- Consensus secondary structure and sequence conservation of Fibrobacter-1 RNA

Identifiers
- Symbol: Fibrobacter-1
- Rfam: RF02983

Other data
- RNA type: Gene; sRNA
- SO: SO:0001263
- PDB structures: PDBe

= Fibrobacter-1 RNA motif =

The Fibrobacter-1 RNA motif is a conserved RNA structure that was discovered by bioinformatics.
Fibrobacter-1 motifs are found in organisms in the genus Fibrobacter, and in many metagenomic sequences.

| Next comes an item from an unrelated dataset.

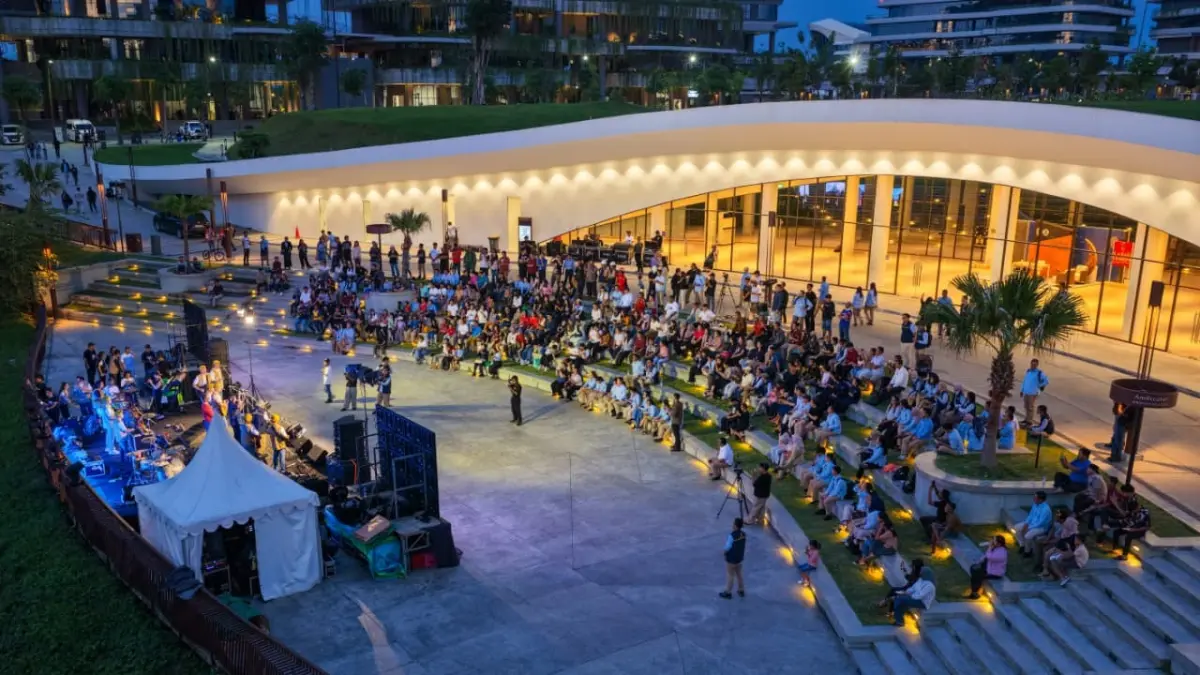 Suasana meriah konser musik Batak di Amphitheater Plaza Seremoni Kawasan Inti Pusat Pemerintahan, Ibu Kota Nusantara, Rabu (15/06/2026), yang menghadirkan harmoni budaya dan kebersamaan lintas masyarakat. (OIKN/KP)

It is ambiguous whether Fibrobacter-1 RNAs function as cis-regulatory elements or whether they operate in trans. They are frequently located upstream of ribonuclease E (RNase E) genes, which is consistent with a cis-regulatory function. Additional cis-regulatory RNAs upstream of RNase E genes have already been established in other lineages of bacteria, e.g., the RNase E 5' UTR element. Some instances of the Fibrobacter-1 RNA motif are not located upstream of protein-coding genes. This observation could indicate that the RNAs function in trans as small RNAs. However, the affected instances are in metagenomic sequences, where sequence assembly is often imperfect. Therefore, they could also reflect technical artifacts, and not be biological.